In the past, different approaches are proposed to estimate motion from perspective images that only offer a limited field of view. It was also proved that estimation methods from these images have difficulty to distinguish small pure translations from small pure rotations. Recently, the developed omnidirectional cameras with large field of view have been able to overcome the limited field of view introduced by planar projections (Gluckman & Nayar, 1998). The omnidirectional images with hemispherical field of view contain global information about motion with the presence of the focus of expansion (FOE) and/or the focus of contraction (FOC) in the images. If a whole spherical field of view is offered, it is guaranteed that both FOE and FOC are in the image. Consequently, the optical flow filed analysis from omnidirectional images is more efficient also with smooth camera motion.

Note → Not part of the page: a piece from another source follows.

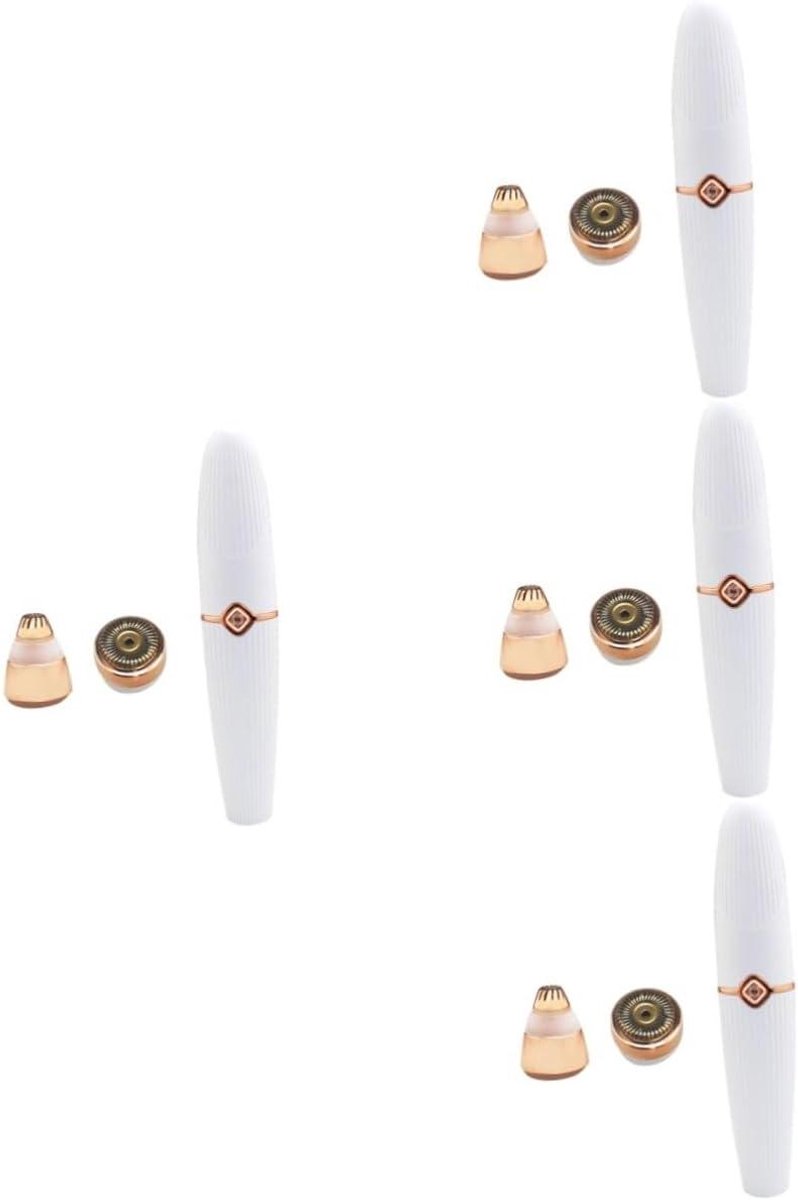 Elektrisch Dames Scheerapparaat - Haarverwijderaar Trimmer - Pijnloos Ontharen - Compact USB Oplaadbaar - 4 Stuks - Wit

The process of egomotion estimation naturally consists in estimating the optical flow (Gluckman & Nayar, 1998; Vassallo et al., 2002; Shakernia et al., 2003; Lim & Barnes, 2008; Gandhi & Trivedi, 2005), or features correspondences (Svoboda et al., 1998; Lee et al., 2000; Thanh et al., 2008), and then extracting the 3D camera motion from the 2D information computed in images. In omnidirectional vision, several methods, proposed in last few years, are concerned with egomotion estimation from motion field. Gluckman and Nayar (1998) showed that good results for egomotion can be obtained by using omnidirectional images. They project the image motion on a spherical surface using Jacobians of transformations to determine motion of the camera. A different Jacobian function must be determined according to the particular projection model of the used camera. This approach was generalized later by Vassallo et al. (2002). They present general Jacobian as a function of the parameters of the central panoramic projection model that can describe a wide variety of omnidirectional cameras. In another direction, Shakernia et al. (2003) show that egomotion algorithms proposed for perspective images by Tian et al. (1996) can be directly applied to the back-projection flow. The so-called back-projection flow is obtained by lifting the optical flow from the image plane onto a virtual curved surface instead of spherical surface to simplify the Jacobians. They showed that the unified projection model for central panoramic cameras, developed by Geyer and Daniilidis (2000), can be considered as a projection onto a virtual curved retina that is intrinsic to the camera geometry. Recently, Lim et al. in (2008) and (2009) present geometrical constraint considering the flow at antipodal points. They show that it allows estimating of direction of motion using a spherical representation of images.